Verify that the model files were exported and use them to run **inference**, both on the Jetson Nano and on a **workstation GPU** using **Tensor Flow**. Contrast **latency** and **peak memory** results too.

In [None]:
predictions = model.predict(test_images)

# Function to plot the image, its true label, and the predicted label
def plot_image(i, predictions_array, true_label, img):
	true_label, img = true_label[i], img[i]
	plt.grid(False)
	plt.xticks([])
	plt.yticks([])

	plt.imshow(img, cmap=plt.cm.binary)

	predicted_label = np.argmax(predictions_array)
	if predicted_label == true_label:
		color = 'blue'
	else:
		color = 'red'

	plt.xlabel(f"{class_names[predicted_label]} ({class_names[true_label]})", color=color)

def plot_value_array(i, predictions_array, true_label):
	true_label = true_label[i]
	plt.grid(False)
	plt.xticks(range(10))
	plt.yticks([])
	thisplot = plt.bar(range(10), predictions_array, color="#777777")
	plt.ylim([0, 1])
	predicted_label = np.argmax(predictions_array)

	thisplot[predicted_label].set_color('red')
	thisplot[true_label].set_color('blue')

# Plot the first X test images, their predicted labels, and the true labels
# Color correct predictions in blue, incorrect predictions in red
num_rows = 5
num_cols = 3
num_images = num_rows * num_cols
plt.figure(figsize=(2 * 2 * num_cols, 2 * num_rows))
for i in range(num_images):
	plt.subplot(num_rows, 2 * num_cols, 2 * i + 1)
	plot_image(i, predictions[i], test_labels, test_images)
	plt.subplot(num_rows, 2 * num_cols, 2 * i + 2)
	plot_value_array(i, predictions[i], test_labels)
plt.tight_layout()
plt.show()

Finally, run **inference** with **TF Lite** on both platforms and compare with the previous execution's **latency** and **peak memory** usage.

In [None]:
import numpy as np
import tensorflow as tf
from tensorflow.keras.datasets import fashion_mnist

# Load the Fashion MNIST dataset
(_, _), (test_images, test_labels) = fashion_mnist.load_data()

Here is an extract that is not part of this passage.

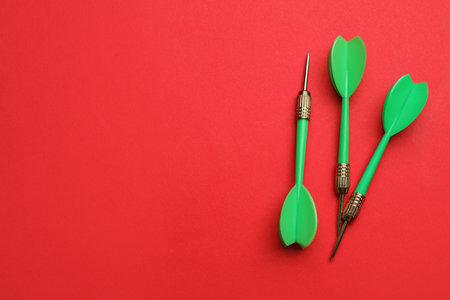 Green dart arrows on red background, flat lay with space for textの写真素材
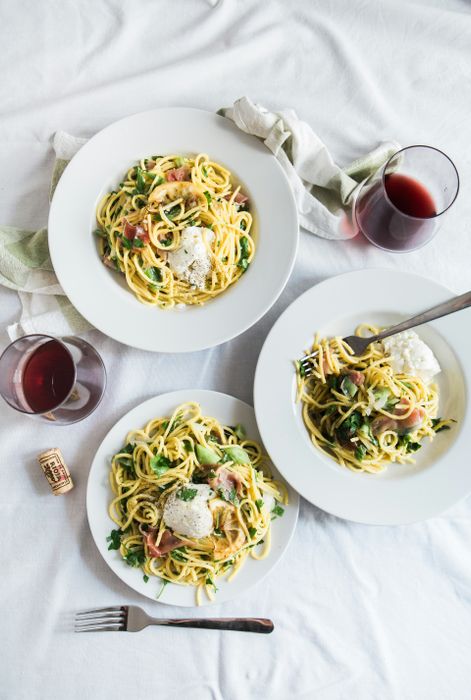 Three white round plates of pasta beside two glass cups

# Preprocess the test images (normalize and reshape)
test_images = test_images.astype(np.float32) / 255.0

# Select an image for inference
input_image = np.expand_dims(test_images[0], axis=0)

tflite_model_file = "fmnist"
# Load TFLite model and allocate tensors.
interpreter = tf.lite.Interpreter(model_path=tflite_model_file+".tflite")
interpreter.allocate_tensors()

# Get input and output tensors.
input_details = interpreter.get_input_details()
output_details = interpreter.get_output_details()
print(input_details)
print(output_details)

# Set the input tensor
interpreter.set_tensor(input_details[0]['index'], input_image)

# Run the inference
interpreter.invoke()

# Get the output tensor
output_data = interpreter.get_tensor(output_details[0]['index'])

# Print the output
print("Output:", output_data)

# Optionally, you can get the predicted class
predicted_class = np.argmax(output_data)
print("Predicted class:", predicted_class)

Consolidate all results in one or more tables or plots and write down your conclusions.

### CNNs on Tensor Flow Lite

Now it's your turn to develop a TF Lite application. This time make sure you train a convolutional model to classify images from a different dataset you choose from Kaggle, Roboflow, Hugging Face or similar, not Mnist, Fashion Mnist nor ImageNet. Now, performance evaluation will focus only on **inference**.

Use the Jetson Board and the workstation to run inference both with Tensor Flow and TF Lite. Measure the **peak memory** and **time** and estimate the **energy** consumed based on the nominal power consumption of each system or chip.

Use the following code to disable GPU use in TensorFlow.

In [None]:
import tensorflow as tf

# List available GPUs
gpus = tf.config.list_physical_devices('GPU')

# Disable all GPUs
tf.config.set_visible_devices([], 'GPU')

Again, consolidate all results in one or more tables or plots and write down your conclusions.